*Record extracts:*
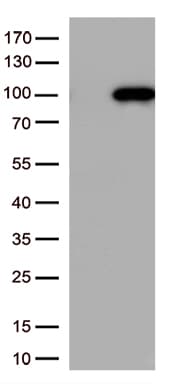 CTNNB1 / Beta Catenin Antibody (clone UMAB15)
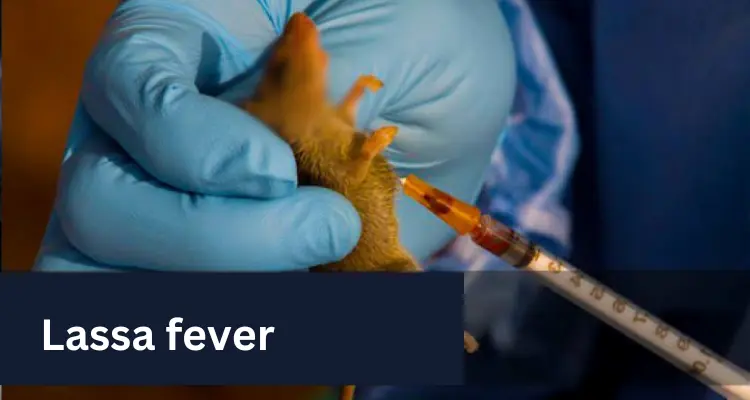 Lassa fever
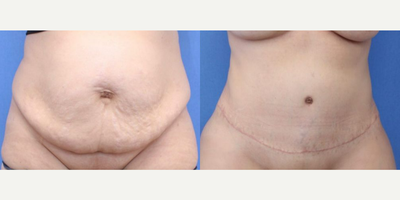 Case 1714 - Woman treated with Tummy Tuck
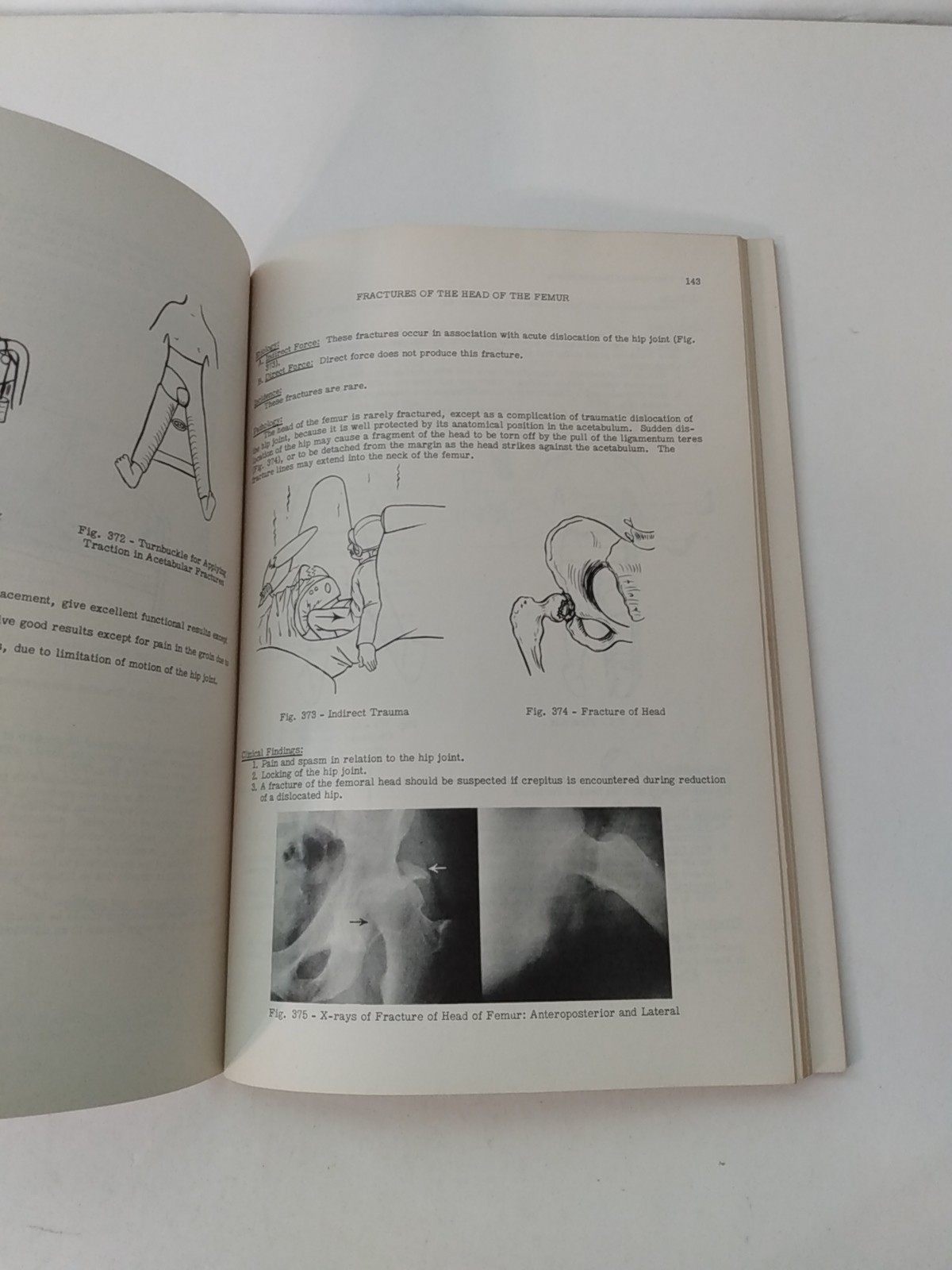 Illustrated Review of Fracture Treatment Frederick Liebolt VTG Medical Book 1954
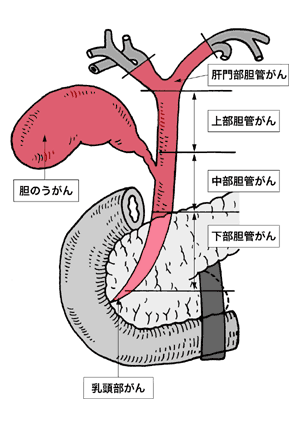 図：胆道がん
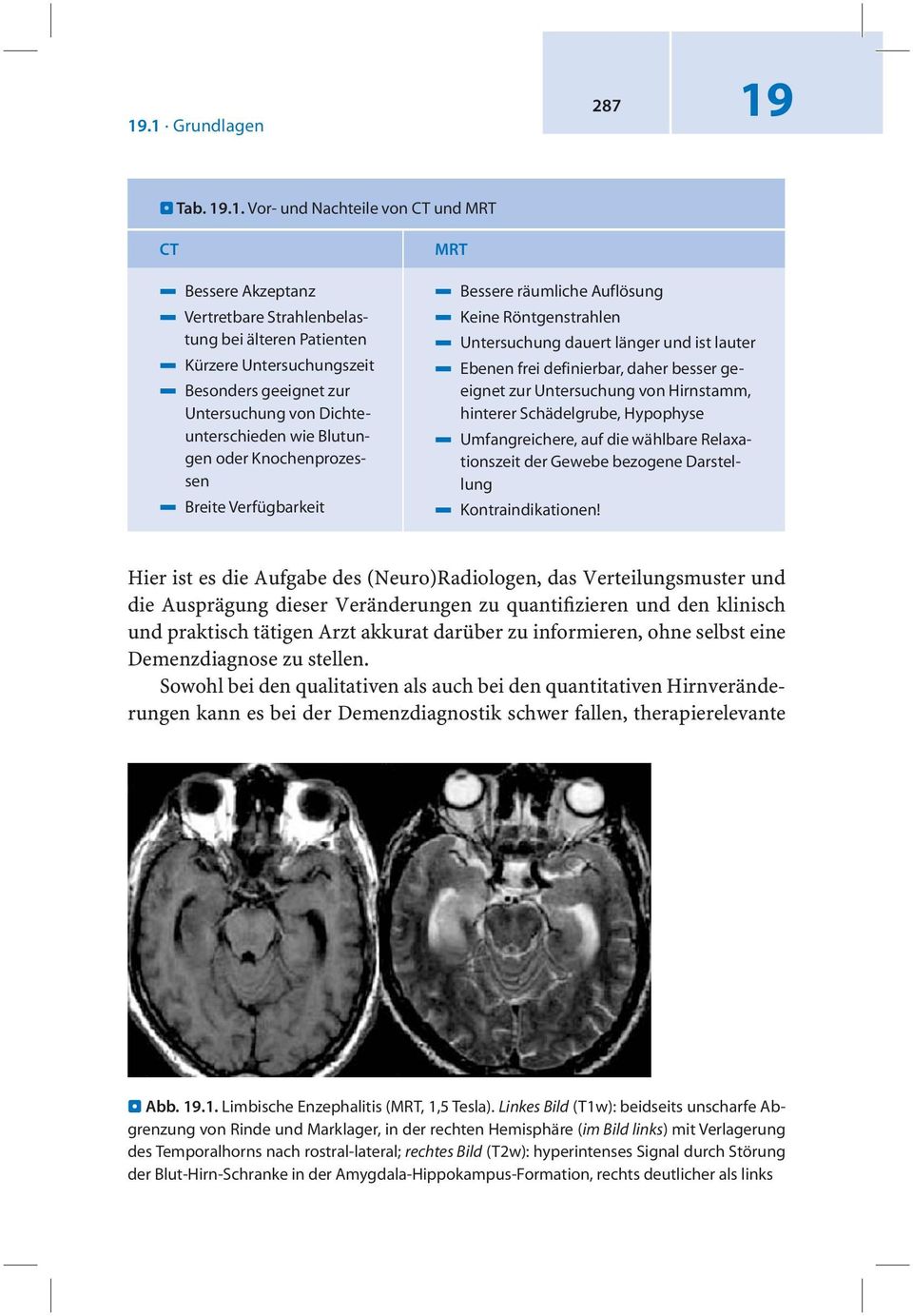 Vor- und Nachteile von CT und MRT CT 4 Bessere Akzeptanz 4 Vertretbare Strahlenbelastung bei älteren Patienten 4 Kürzere Untersuchungszeit 4 Besonders geeignet zur Untersuchung von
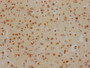 IHC image of CAC12232 diluted at 1:100 and staining in paraffin-embedded human brain tissue performed on a Leica BondTM system. After dewaxing and hydration, antigen retrieval was mediated by high pressure in a citrate buffer (pH 6.0). Section was blocked with 10% normal goat serum 30min at RT. Then primary antibody (1% BSA) was incubated at 4? overnight. The primary is detected by a Goat anti-rabbit IgG polymer labeled by HRP and visualized using 0.05% DAB.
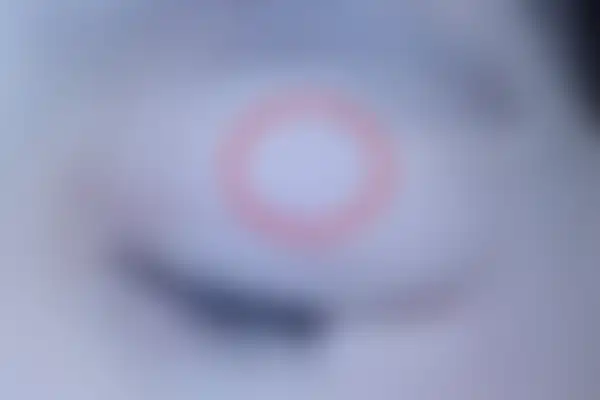편평사마귀 치료 후 사진 — 천안아산점, 치료 기간 3개월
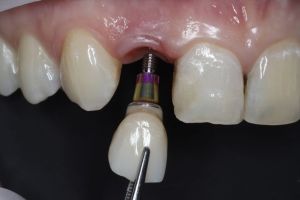 nahrada zuba implantatom 4.JPG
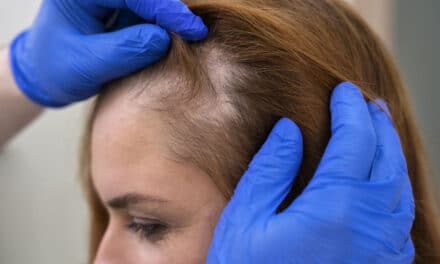 ¿Cuáles son los tipos de alopecia? Síntomas, causas y tratamiento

*Exercise goal:* The expected answer is the lines from the one that has "Illustrated Review of" to the end of the listing, transcribed exactly, with pictures left out and no other line added.

*Written answer:*
 Illustrated Review of Fracture Treatment Frederick Liebolt VTG Medical Book 1954
 図：胆道がん
 Vor- und Nachteile von CT und MRT CT 4 Bessere Akzeptanz 4 Vertretbare Strahlenbelastung bei älteren Patienten 4 Kürzere Untersuchungszeit 4 Besonders geeignet zur Untersuchung von
 IHC image of CAC12232 diluted at 1:100 and staining in paraffin-embedded human brain tissue performed on a Leica BondTM system. After dewaxing and hydration, antigen retrieval was mediated by high pressure in a citrate buffer (pH 6.0). Section was blocked with 10% normal goat serum 30min at RT. Then primary antibody (1% BSA) was incubated at 4? overnight. The primary is detected by a Goat anti-rabbit IgG polymer labeled by HRP and visualized using 0.05% DAB.
편평사마귀 치료 후 사진 — 천안아산점, 치료 기간 3개월
 nahrada zuba implantatom 4.JPG
 ¿Cuáles son los tipos de alopecia? Síntomas, causas y tratamiento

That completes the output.